This is however not true - I have Sky TV downstairs, but I also have satellite TV in my bedroom, to get this all I did was run an extra cable from the Sky satellite dish into a HD satellite card in my PC and there we have it free satellite TV.
I don't get all the Sky channels but there are still many Free to air satellite channels out there that are still available.
All the BBC channels are free to air and can be received by a Sky box with either a cancelled sky card in the slot or no sky card in the slot.
Also many of the other terrestrial channels are FTA (free to air) - like ITV, C4, C5, Film4 is also free.
If you plug your satellite dish into a generic free to air satellite receiver or PC tuner card you may find that at first you receive about 20 Channel 4's (if it's a Freesat receiver or a Sky box these are pre-programmed to only show one Channel 4), and you'll also notice a number of BBC1's, ITV's and C5's. These are regional variations the main difference between each region is the advertisements - for example in the West Midlands you might see adverts for things like West Midlands Safari Park or the Birmingham and Wolverhampton locations of DFS or Ikea, where as on the North West versions you might see adverts for Gullivers in Warrington, or DFS, Manchester, Ikea Warrington, etc. Also if your over the border in Scotland you'd notice that by removing your sky card the STV would change to ITV, and in Wales S4C would swap with C4.

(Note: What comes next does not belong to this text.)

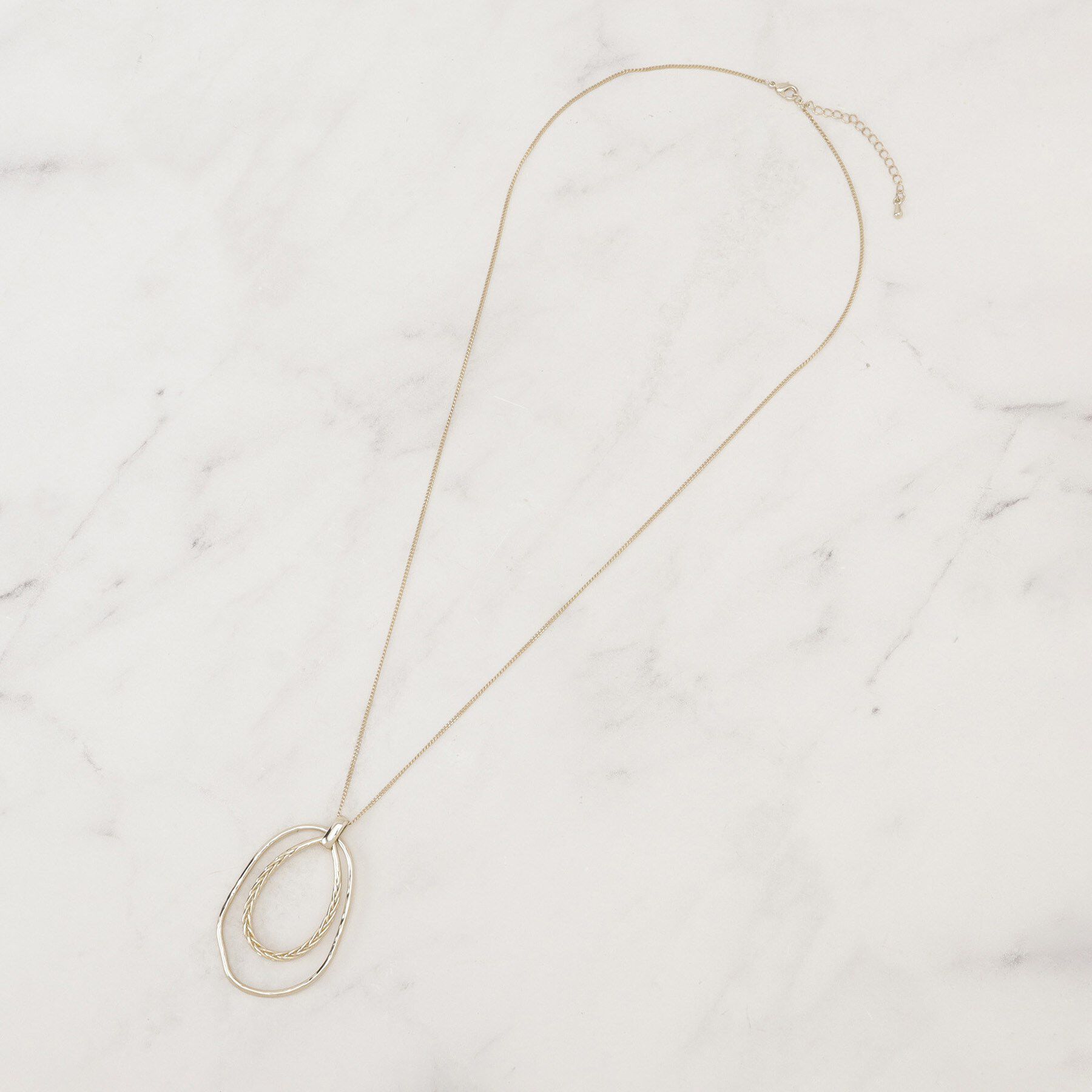 grove「ダブルオーバルビッグリングネックレス」|ネックレス|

If you remove your sky card from the slot you will find that after a few minutes it will switch all your regional channels to a London version (BBC London, ITV London). It uses the postcode stored in the Sky card to figure out which region to show (and if you want to watch something that's not in your region if you go to the end of the Sky channels in the 900 beyond the adult channels you can get the various BBC regions).
If you cancel your card but leave it in the slot it will still use your postcode to give you the same region, and if you have a sky box that doesn't have a card you can call Sky up and ask them to send you out a Sky Freesat card - note this is not the same as Freesat (even though it shares the same name). The Sky Freesat card will be matched to the postcode it's sent to so it will correct the channels to your correct area.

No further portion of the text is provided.